Less Driving, More Electrics Will Reduce Emissions

Reducing driving and converting diesel engines to electric ones could slash a billion metric tons of C02 emissions.

People need to live and work radically differently if the United States can even hope to get halfway towards becoming carbon neutral by 2050, but a new paper released last month says the most important change would come in how we get around.

Curbing greenhouse gas emissions starts with how we drive, given that vehicle exhaust accounts for 29 percent of the country's greenhouse gas emissions — but America is moving in the wrong direction, thanks to more people driving around more in bigger, less-efficient cars.

"Just as transportation has recently become the largest emitter in the economy, it also has the largest potential for emissions reductions over the next 30 years," Therese Langer, the program director for the American Council for an Energy-Efficient Economy Transportation, told Streetsblog.

Researchers with the ACEEE calculated the country could eliminate 2.461 billion metric tons of carbon dioxide emissions, about half the country's current output, and save about 47.1 quadrillion BTUs, according to their paper, "Halfway There: Energy Efficiency Can Cut Energy Use and Greenhouse Gas Emissions in Half by 2050."

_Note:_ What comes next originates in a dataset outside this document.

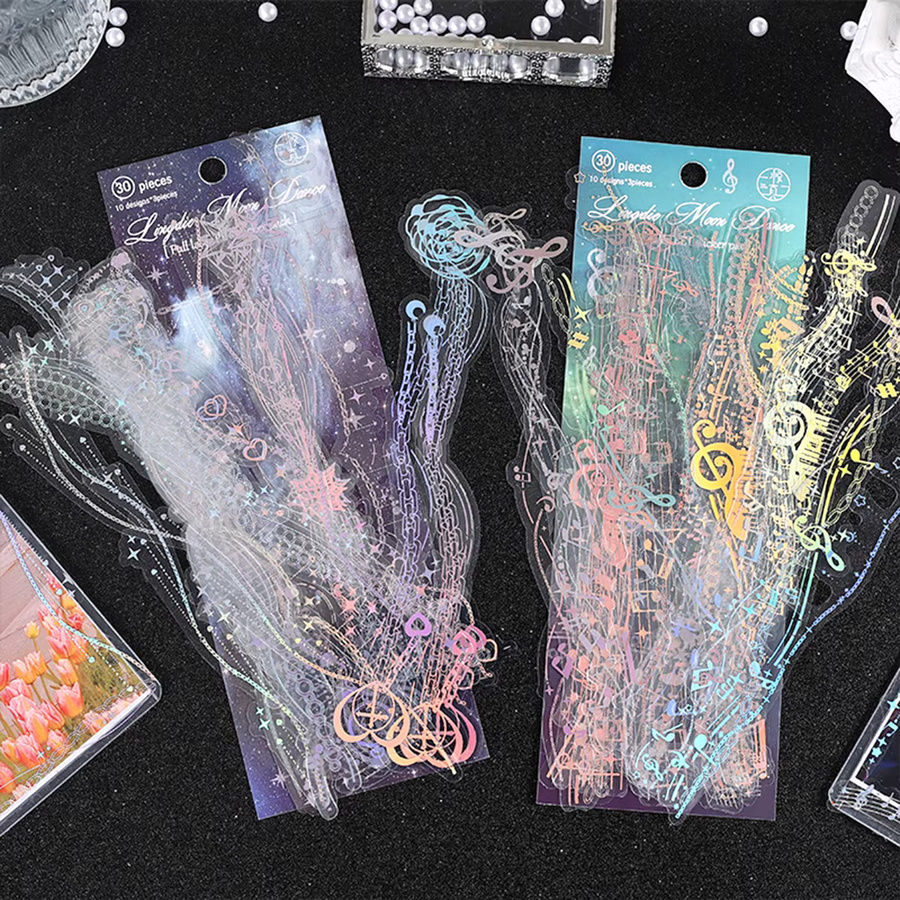 120 Stück Spitzenstickerei-Aufkleber in Multicolour mit holografischem Glitzer aus wasserfestem PET für dein DIY-Sammelalbum, Grußkarten und Fotorahmen-Dekorationen - Bild 3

Those savings could be achieved by constructing energy-efficient homes and offices, rehabilitating existing buildings, modernizing industry, making appliances that use less energy, and adopting stricter fuel economy standards. But if Americans altered their transportation habits, pollution could be slashed by an amount nearly equal to reductions from the rest of the economy combined.

"We have a pretty good grasp of the technologies required to get there and what policies can get us there," Langer said. "The fact is we need to be improving both the efficiency of vehicles and changing the way we use them."

If drivers bought more electric and hybrid cars instead of pollution-spewing SUVs, and if gas-powered trucks and other vehicles became more fuel efficient, the country would eliminate 754 million electric tons of carbon dioxide, the ACEEE report said.

Yet other more significant changes, such as encouraging drivers to forgo their cars by using mass transit, encouraging carpooling, instituting vehicle taxes and fees, and the adoption of congestion pricing policies, could eliminate 129 million electric tons of CO2 while the reduction of truck transport for moving freight in favor of railroads could slash another 107 million electric tons, the report found, for a total of about 1 billion electric tons of carbon emissions.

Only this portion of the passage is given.